GA1 effects about 1 in 40,000 children. It is a rare metabolic disorder, much like MSUD, in which the body cannot breakdown amino acids found in protein. In GA1, these amino acids are lycine and tryptophan(that stuff in turkey they say makes you sleepy).  If you don't remember, in MSUD those amino acids are leucine, isoleucine, and valine. If these amino acids build up in a person's bloodstream they can cause brain damage or even death. Symptoms can include seizure, no appetite, vomiting, etc... What's difficult, is that even with perfect dietary management, a person can deal with the effects of GA1. Stress, childhood illnesses, not enough calories, teething, etc... can all cause levels to elevate.
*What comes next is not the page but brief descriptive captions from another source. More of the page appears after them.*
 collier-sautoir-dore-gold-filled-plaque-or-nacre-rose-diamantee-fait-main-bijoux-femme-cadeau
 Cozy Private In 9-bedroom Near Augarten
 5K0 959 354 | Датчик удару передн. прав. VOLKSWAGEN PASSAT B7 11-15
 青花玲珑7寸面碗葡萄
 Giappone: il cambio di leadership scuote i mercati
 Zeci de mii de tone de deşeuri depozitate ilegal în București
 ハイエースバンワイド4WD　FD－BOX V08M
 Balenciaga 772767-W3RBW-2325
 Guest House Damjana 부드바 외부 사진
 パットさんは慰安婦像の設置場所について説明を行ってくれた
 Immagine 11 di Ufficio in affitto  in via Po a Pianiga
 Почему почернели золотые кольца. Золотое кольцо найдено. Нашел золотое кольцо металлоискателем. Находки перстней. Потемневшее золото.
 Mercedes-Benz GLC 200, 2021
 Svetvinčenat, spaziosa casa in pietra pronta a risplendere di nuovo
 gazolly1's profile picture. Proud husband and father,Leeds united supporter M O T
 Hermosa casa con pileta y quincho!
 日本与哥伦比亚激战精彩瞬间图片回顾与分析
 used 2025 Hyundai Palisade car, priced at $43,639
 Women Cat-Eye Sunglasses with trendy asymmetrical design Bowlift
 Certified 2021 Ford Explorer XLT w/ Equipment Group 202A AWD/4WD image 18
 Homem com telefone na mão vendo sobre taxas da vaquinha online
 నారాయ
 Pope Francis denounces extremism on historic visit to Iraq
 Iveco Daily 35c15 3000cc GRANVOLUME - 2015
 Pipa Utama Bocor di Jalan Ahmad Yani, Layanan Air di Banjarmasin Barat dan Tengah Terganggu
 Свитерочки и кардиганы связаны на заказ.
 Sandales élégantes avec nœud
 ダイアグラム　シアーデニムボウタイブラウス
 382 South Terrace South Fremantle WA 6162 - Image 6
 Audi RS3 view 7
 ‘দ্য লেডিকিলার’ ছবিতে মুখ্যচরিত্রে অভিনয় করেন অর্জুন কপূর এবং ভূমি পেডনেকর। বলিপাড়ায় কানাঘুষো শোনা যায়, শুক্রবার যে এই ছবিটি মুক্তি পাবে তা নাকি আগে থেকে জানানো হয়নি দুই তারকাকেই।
GA1 is often misdiagnosed as Cerebral Palsy or "shaken baby syndrome".

I am going to share with you a video that a parent posted to help teach about GA1. Dustyn was born with GA1 and this is his story:


You can also read the family's blog at http://rmdawareness.blogspot.com/

Wednesday, February 1, 2012

Just don't forget the baby

" sometimes all you can do is not think, not wonder, not imagine, not obsess… just breathe, and have faith that everything will work out for the best . . ."

A friend posted this quote on her Facebook the other day. It keeps running through my mind. It's one of those quotes that reminds you that things happen when you stop stressing over them (like getting pregnant, taking a big test, or waiting for something in the mail).  

I know that it's in Gods hands as to when Evan will get his new liver and I truly believe he has a plan for us. I just wish I knew that plan. It is so hard not to spend every waking (and when I'm supposed to be sleeping) moment wondering when we will get "the call." Then of course I wonder where Gary will be when it happens. Will he be flying? Will I have to get the First Sergeant to have to call his aircraft back from a flight? Will it be in the middle of the night like they say it usually happens? Are our bags really packed enough? Will I forget something? 

I spoke to a new friend today who is 25 with MSUD and awaiting her call for a new liver.  As I was telling her about all my fears and wondering how I would handle things when we do get the call I realized none of that really mattered. All of those things would work out. So what if I forget a toothbrush..there are stores in California.  I finally told myself that nothing matters...JUST DON'T FORGET THE BABY! 

So back to that quote...don't think, wonder, imagine, or obsess....harder said than done! Just wish there were a switch that I could turn off and allow myself to breathe and let my faith carry us through this.  I pray each day that God gives us the strength to get through the next day, week, month, however long it may be. I pray that he keeps Evan healthy so that we don't have the added stress of him being sick or having his levels off. 

I am hoping that by writing this all out I will be able to stop thinking, wondering, imagining, and obsessing and just breath and have faith!